Keep in mind this is for 2.2, not 2.4, need to merge my fixes
with what we have so far.  Do you agree this algorithm is correct?
(or at least closer):
+static inline int fault_page_in(struct vm_area_struct * vma,
+	unsigned long address, int write_access, pte_t *pte)
+{
+	int ret;
+
+	if (pte_present(*pte)) {
+		if (write_access && pte_write(*pte))
+			return 1;
+	}
+
+	ret = handle_pte_fault(current, vma, address, write_access, pte);
+	if (ret > 0)
+		update_mmu_cache(vma, address, *pte);
+	return (ret > 0);
+}
+

[...]

+	/*
+	 * First of all, try to fault in all of the necessary pages
+	 */
+	while (ptr < end) {
+		if (!vma || ptr >= vma->vm_end) {
+			vma = find_vma(current->mm, ptr);
+			if (!vma)
+				goto out_unlock;
+		}
+		pte = get_pte(vma, ptr);
+		if (!pte)
+			goto out_unlock;
+
+		if (!fault_page_in(vma, ptr, write_access, pte))
+			goto out_unlock;
+
+		page = pte_page(*pte);
+		if (!page) {
+			err = -EAGAIN;
+			goto out_unlock;
+		}
+		map = get_page_map(page);
+		if (map) {
+			if (TryLockPage(map))
+				goto retry;
+			atomic_inc(&map->count);
+			set_bit(PG_dirty, &map->flags);
+		}
+
+		if (!pte_present(*pte) || (write_access && !pte_write(*pte))) {
+			err = -EAGAIN;
+			goto out_unlock;
+		}
+		if (write_access && !pte_dirty(*pte))
+			panic("map_user_kiobuf: writable page w/o dirty pte\n");
+
+		dprintk ("Installing page %p %p: %d\n", (void *)page, map, i);
+		iobuf->pagelist[i] = page;
+		iobuf->maplist[i] = map;
+		iobuf->nr_pages = ++i;
+
+		ptr += PAGE_SIZE;
+	}
+

In my tests, the if (write_access && !pte_dirty(*pte)) never tripped,
but I don't know enough to know if this is valid or if we need
to do something else to guarantee the pte is dirty if it's writable?

--
Eric Lowe
Software Engineer, Systran Corporation
elowe@systran.com


--
To unsubscribe, send a message with 'unsubscribe linux-mm' in
the body to majordomo@kvack.org.  For more info on Linux MM,
see: http://www.linux.eu.org/Linux-MM/

^ permalink raw reply	[flat|nested] 16+ messages in thread

* Re: PATCH [2.4.0test10]: Kiobuf#02, fault-in fix
  2000-11-04  1:36   ` Eric Lowe
@ 2000-11-04  2:07     ` Andrea Arcangeli
  0 siblings, 0 replies; 16+ messages in thread
From: Andrea Arcangeli @ 2000-11-04  2:07 UTC (permalink / raw)
  To: Eric Lowe
  Cc: Stephen C. Tweedie, Linus Torvalds, Rik van Riel, Ingo Molnar, linux-mm

On Fri, Nov 03, 2000 at 08:36:08PM -0500, Eric Lowe wrote:
> I agree with you on this one, and in fact, my 2.2 patches already
> do both these things.

My one against 2.2.x is here:

	ftp://ftp.us.kernel.org/pub/linux/kernel/people/andrea/kernels/v2.2/2.2.18pre17aa1/13_bigmem-rawio-2.2.18pre17aa1-5.bz2

It fix several bugs (not only the ones that you attempted to fix).  Since your
patch seems to have several problems I suggest you to base on my one (you
may need to fix some reject to apply to clean 2.2.x though).

> +	while (ptr < end) {
> +		if (!vma || ptr >= vma->vm_end) {
> +			vma = find_vma(current->mm, ptr);
> +			if (!vma)
> +				goto out_unlock;
> +		}

Here you miss the check for the vm_start and vma flags.

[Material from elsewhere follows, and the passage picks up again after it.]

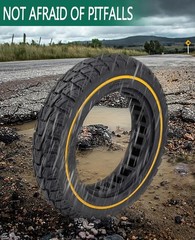 Universal Fit 10×2 Solid Scooter Tires – Effortless Installation and Maintenance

> +		pte = get_pte(vma, ptr);
> +		if (!pte)
> +			goto out_unlock;
> +
> +		if (!fault_page_in(vma, ptr, write_access, pte))
> +			goto out_unlock;

So your fault_page_in should also check that the pte is dirty if
writing to memory.

> +		if (map) {
> +			if (TryLockPage(map))
> +				goto retry;
> +			atomic_inc(&map->count);
> +			set_bit(PG_dirty, &map->flags);
> +		}
> +

This doesn't fix the MM corruption (obviously since PG_dirty doesn't mean
_anything_ in 2.2.x, and even if it would mean something like in 2.4.x you
would need to rework core parts of the memory balancing to solve the MM
corruption that way).  Note also that so far it was legal to do rawio on
MAP_SHARED so I must preserve that semantics at least in the 2.2.x short term
in case somebody was depending on it in previous aa kernels. So right now I'm
locking down the pages during writes to memory. The _only_ real world downside
is that you can't write to the same page from two tasks at the same time but
_nobody_ really cares about that so unlikely corner case in real life.

> +		if (!pte_present(*pte) || (write_access && !pte_write(*pte))) {
> +			err = -EAGAIN;
> +			goto out_unlock;
> +		}

This isn't necessary. If it would be necessary it would be wrong to do it here
after you just grabbed the page reference.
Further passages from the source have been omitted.